Excepts from the dissent in [ 253 U.S. Page 267], previously posted, and comments
- "The tax on net incomes is a tax on the balance of a mutual account in
which there always are some and may be many items on both sides. It
seems to me that it cannot be affected by an inquiry into the source
from which the items more or less remotely are derived."
"Money held in trust loses its identity by being mingled with the
general funds of the owner. I see no reason why the same should not be
true of a salary. But I do not think that the result could be avoided by
keeping the salary distinct. I think that the moment the salary is
received, whether kept distinct or not, it becomes part of the general
income of the owner, and is mingled with the rest, in theory of law, as
an item in the mutual account with the United States."
"By that Amendment Congress is given power to "collect taxes on incomes,
from whatever source derived." It is true that it goes on "without
apportionment among the several States, and without regard to any census
or enumeration," and this shows the particular difficulty that led to
it. But the only cause of that difficulty was an attempt to trace income
to its source, and it seems to me that the Amendment was intended to put
an end to the cause and not merely to obviate a single result. I do not
see how judges can claim an abatement of their income tax on the ground
that an item in their gross income is salary, when the power is given
expressly to tax incomes from whatever source derived."
"The decisions heretofore reached by this Court seem to me to justify my
conclusion. In Peck & Co. v. Lowe, 247 U.S. 165, a tax was levied by
Congress upon the income of the plaintiff corporation. More than
two-thirds of the income were derived from exports and the Constitution
in terms prohibits any tax on articles exported from any State. By
construction it had been held to create "a freedom from any tax which
directly burdens the exportation," Fairbank v. United States , 181 U.S.
283, 293. The prohibition was unequivocal and express, not merely an
inference as in the present case. Yet it was held unanimously that the
tax was valid. "It is not laid on income from exportation . . . in a
discriminative way, but just as it is laid on other income. . . . There
is no discrimination. At most, exportation is affected only indirectly
and remotely. The tax is levied . . . after the recipient of the income
is free to use it as he chooses. Thus what in taxed -- the net income --
is as far removed from exportation as are articles intended for export
before the exportation begins." 247 U.S. 174, 175. All this applies with
even greater force when, as I have observed, the Constitution has no
words that forbid a tax. In United States Glue Co. v. Oak Creek, 247
U.S. 321, 329, the same principle was affirmed as to interstate commerce
and it was said that if there was no discrimination against such
commerce the tax constituted one of the ordinary burdens of government
from which parties were not exempted because they happened to be engaged
in commerce among the States."
I think these views of the dissent prevail now.

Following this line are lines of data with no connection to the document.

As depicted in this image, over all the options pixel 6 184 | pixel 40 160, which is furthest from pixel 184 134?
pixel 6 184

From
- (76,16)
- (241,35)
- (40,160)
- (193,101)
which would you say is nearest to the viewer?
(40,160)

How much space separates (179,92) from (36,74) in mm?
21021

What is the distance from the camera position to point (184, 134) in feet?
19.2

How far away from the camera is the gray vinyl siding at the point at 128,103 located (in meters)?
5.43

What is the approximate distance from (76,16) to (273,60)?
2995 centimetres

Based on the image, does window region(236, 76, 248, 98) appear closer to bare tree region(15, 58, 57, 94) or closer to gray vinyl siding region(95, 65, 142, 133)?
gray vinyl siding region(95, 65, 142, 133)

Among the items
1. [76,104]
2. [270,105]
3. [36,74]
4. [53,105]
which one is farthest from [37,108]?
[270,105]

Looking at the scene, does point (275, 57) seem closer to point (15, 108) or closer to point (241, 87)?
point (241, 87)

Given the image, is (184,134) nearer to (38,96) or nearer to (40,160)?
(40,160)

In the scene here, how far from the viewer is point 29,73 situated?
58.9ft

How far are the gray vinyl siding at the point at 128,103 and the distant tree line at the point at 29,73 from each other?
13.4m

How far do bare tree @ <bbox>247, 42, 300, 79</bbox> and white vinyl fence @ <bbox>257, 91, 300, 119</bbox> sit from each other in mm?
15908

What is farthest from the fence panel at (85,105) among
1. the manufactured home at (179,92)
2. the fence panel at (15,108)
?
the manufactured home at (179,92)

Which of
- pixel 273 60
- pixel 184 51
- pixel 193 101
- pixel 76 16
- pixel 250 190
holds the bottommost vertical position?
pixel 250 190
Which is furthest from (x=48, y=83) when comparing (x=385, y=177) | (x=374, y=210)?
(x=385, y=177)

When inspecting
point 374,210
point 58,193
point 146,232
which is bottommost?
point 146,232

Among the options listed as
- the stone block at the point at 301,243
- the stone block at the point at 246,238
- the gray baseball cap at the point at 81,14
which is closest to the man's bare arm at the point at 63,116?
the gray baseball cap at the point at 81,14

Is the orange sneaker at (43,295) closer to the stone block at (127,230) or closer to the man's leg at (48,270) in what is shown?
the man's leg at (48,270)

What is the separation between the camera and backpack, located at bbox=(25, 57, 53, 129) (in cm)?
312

"I think that the moment the salary is received, whether kept distinct
or not, it becomes part of the general income of the owner, and is
mingled with the rest, in theory of law, as an item in the mutual
account with the United States."
I can see how a government officer or employee could be said to have a
"mutual account with the United States", but how can that be said of an
employee of a private corporation or an employee of a sole proprietor.
Judicial verbicide has destroyed our Constitution.
"I do not see how judges can claim an abatement of their income tax on
the ground that an item in their gross income is salary, when the power
is given expressly to tax incomes from whatever source derived."
Well, there you have the origin of the nefarious phrase "gross income"
which Congress adopted in later tax law.